Il tient compte de la couleur et de la disposition des rubis, des vis bleuies par traitement thermique et des autres couleurs présentes par nécessité ou par choix. Ces procédés renforcent l’esthétique.
Au-delà des considérations pratiques, la recherche de l’harmonie pousse les horlogers à équilibrer et à embellir leurs constructions mécaniques en jouant sur la forme, la matière, la finition et la disposition des composants. Techniciens avant tout, ces horlogers n’avaient certainement pas la conscience d’être des artistes. Mais leur sensibilité esthétique précédait le terrain de l’arrivée des modes et des courants artistiques comme l’Art Déco qui révolutionnera la forme des montres avant que ne s’imposent les designers.
L’ère du design
En latin, designare signifie marquer d’un signe, dessiner, indiquer. En ancien français, le verbe «desseigner» était utilisé avant qu’il ne soit remplacé par «désigner» et «dessiner». Le mot design apparaît durant la Révolution Industrielle.
En 1849, Sir Henry Cole, principal artisan de l’Exposition universelle de Londres, fut le premier à l’utiliser. En français, le mot a son équivalent avec «esthétique industrielle.» Le design est une discipline qui consiste à concevoir des objets, en travaillant sur les formes. Il a le souci d’améliorer la qualité de vie de l’être humain. Son rôle est de répondre à des besoins de la vie quotidienne.
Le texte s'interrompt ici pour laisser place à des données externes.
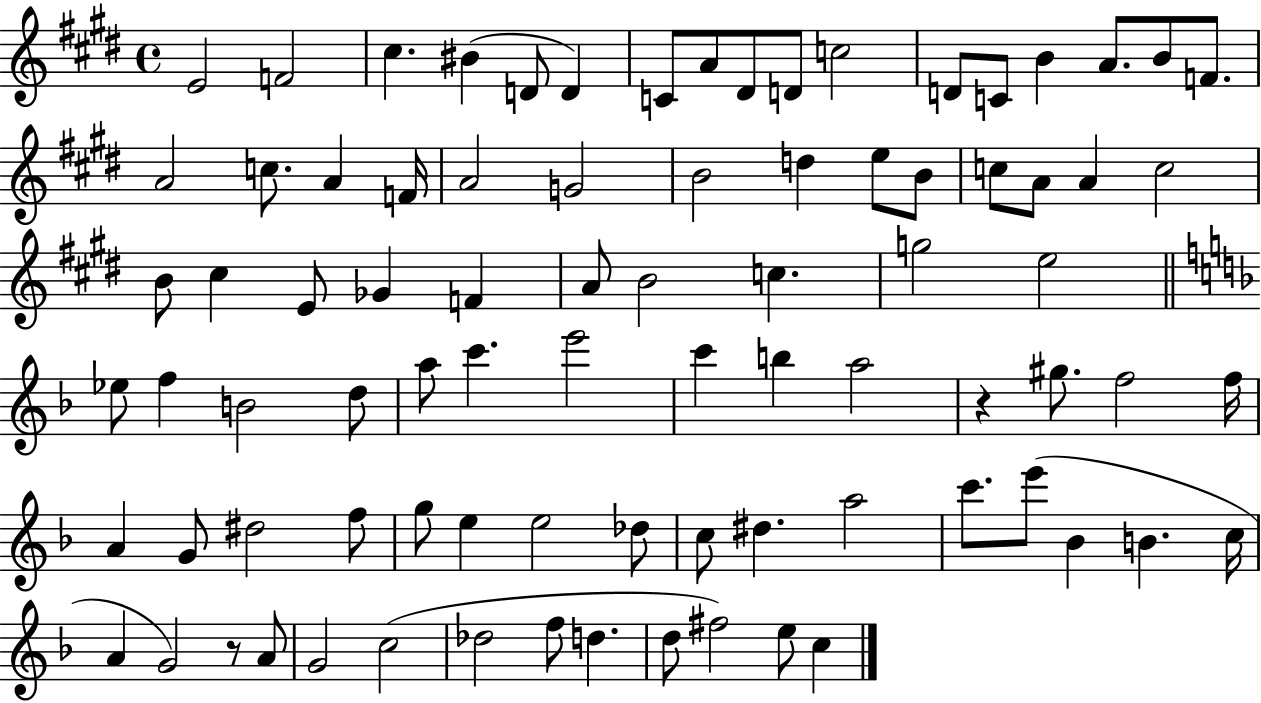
X:1
T:Untitled
M:4/4
L:1/4
K:E
E2 F2 ^c ^B D/2 D C/2 A/2 ^D/2 D/2 c2 D/2 C/2 B A/2 B/2 F/2 A2 c/2 A F/4 A2 G2 B2 d e/2 B/2 c/2 A/2 A c2 B/2 ^c E/2 _G F A/2 B2 c g2 e2 _e/2 f B2 d/2 a/2 c' e'2 c' b a2 z ^g/2 f2 f/4 A G/2 ^d2 f/2 g/2 e e2 _d/2 c/2 ^d a2 c'/2 e'/2 _B B c/4 A G2 z/2 A/2 G2 c2 _d2 f/2 d d/2 ^f2 e/2 c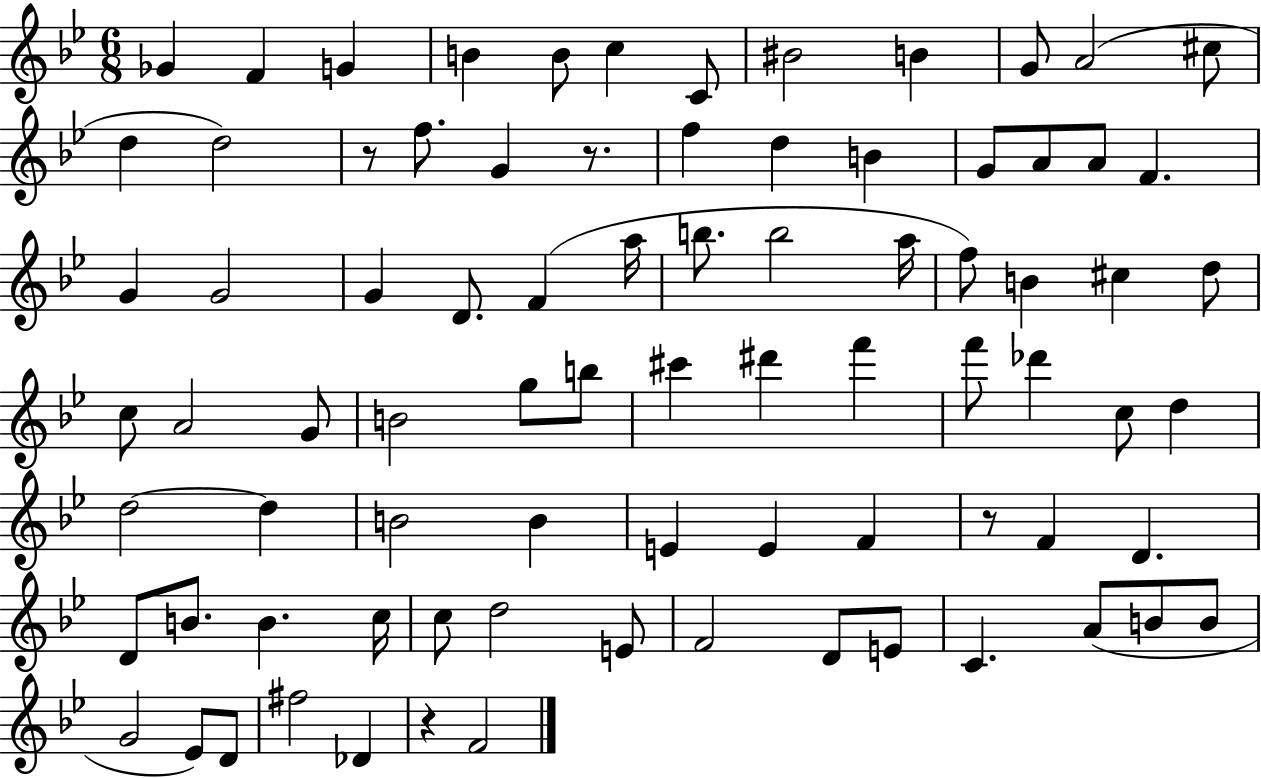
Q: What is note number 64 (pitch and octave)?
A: D5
Il tient compte des considérations esthétiques, fonctionnelles, techniques, juridiques, économiques, sociales, politiques, voire même philosophiques. Le design, est à l’industrie ce que l’art est à l’artisanat. En horlogerie, ce terme s’est imposé tardivement, après la Révolution Industrielle. Pendant longtemps les horlogers préfèrent parler de style, de mode et d’architecture horlogère.